The “appreciative” tone of the book shies away from asking the question, let alone responding to it, with exceptions and with some interesting hints. The chapters by Allison and Vanhoozer point to the idea that something deeper than acknowledging generic commonalities runs in the Roman Catholic and Protestant theological basic orientations. As Carl Trueman rightly observes in his chapter “Is the Pope (Roman Catholic)?”,
“Roman Catholicism is not simply Protestantism with a different set of doctrines. It is a different way of thinking about Christianity, a way that draws a very tight connection between Scripture, tradition, and the doctrine of the church in a manner alien to Protestantism” (p. 153).
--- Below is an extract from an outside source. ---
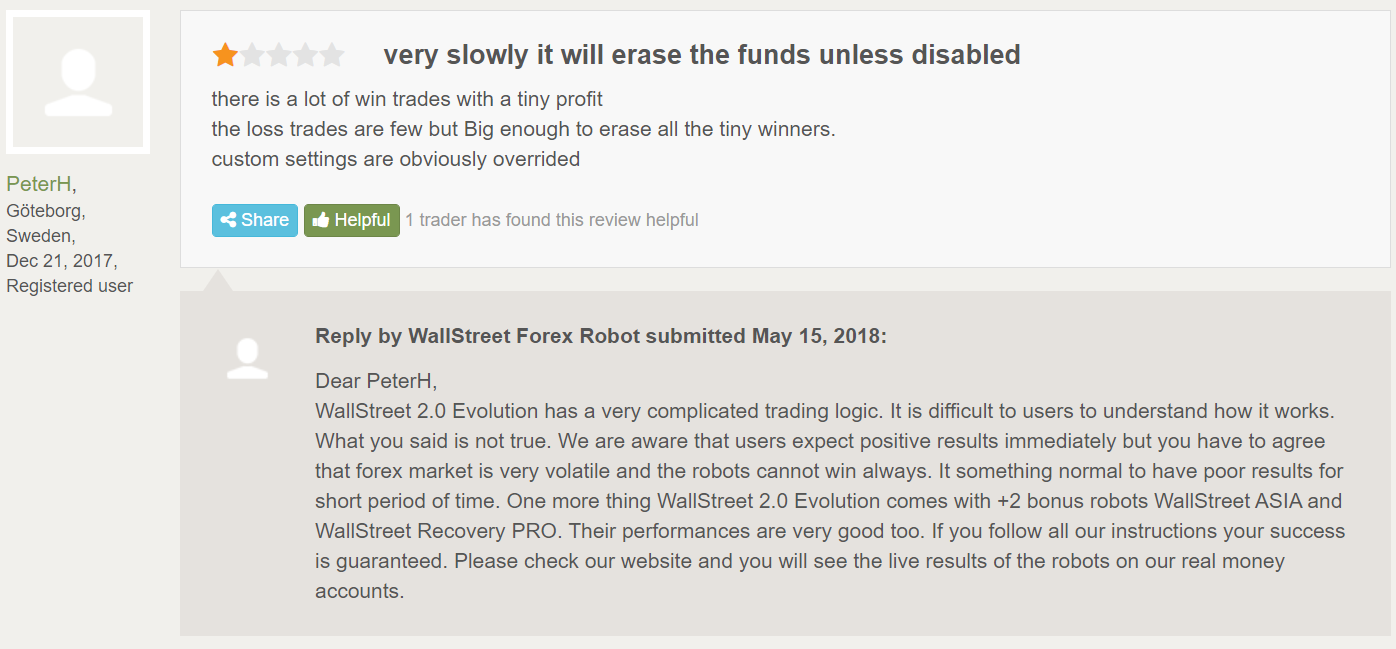Wall Street Forex Robot People feedback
“A different way of thinking”. Finally, someone in the book indicates what is at stake in dealing with Roman Catholicism in general and with Ratzinger in particular. “A different way of thinking” that has some overlap in the use of biblical and theological language but is constructed with a different blueprint and results in a different answer to the ultimate questions about God, the world, and eternity. “A different way of thinking”. This is a clue that helps us to appreciate Benedict’s theology much more than lazily praising what we Protestants have in common with it. I think Ratzinger would agree more with this “different way of thinking” type of appraisal than with words of praise that do not go deep enough in the analysis of his theology. Trueman quotes him saying:
“The way one views the structure of Christianity will necessarily affect in some measure, great or small, one’s attitude to various particular matters contained within the whole” (n. 26, p. 163).
The book The Theology of Benedict XVI: A Protestant Appreciation contains several “particulars” of Ratzinger’s theology from a Protestant viewpoint, but the “structure” of his view of Christianity is only touched upon by few of them and is left as a homework that is still to be done. The “appreciation” of the book should be heard, but not at the expense of neglecting the fact that Benedict and Protestants have different views of the “structure of Christianity” that impact the whole of their respective faiths.
P.S. On Ratzinger’s theology I have also written an “appreciative” (I hope) yet evangelically critical article: Progressive, Conservative or Roman Catholic? On the Theology of Joseph Ratzinger in Evangelical Perspective, “Perichoresis” 6.2 (2008) pp. 201-218.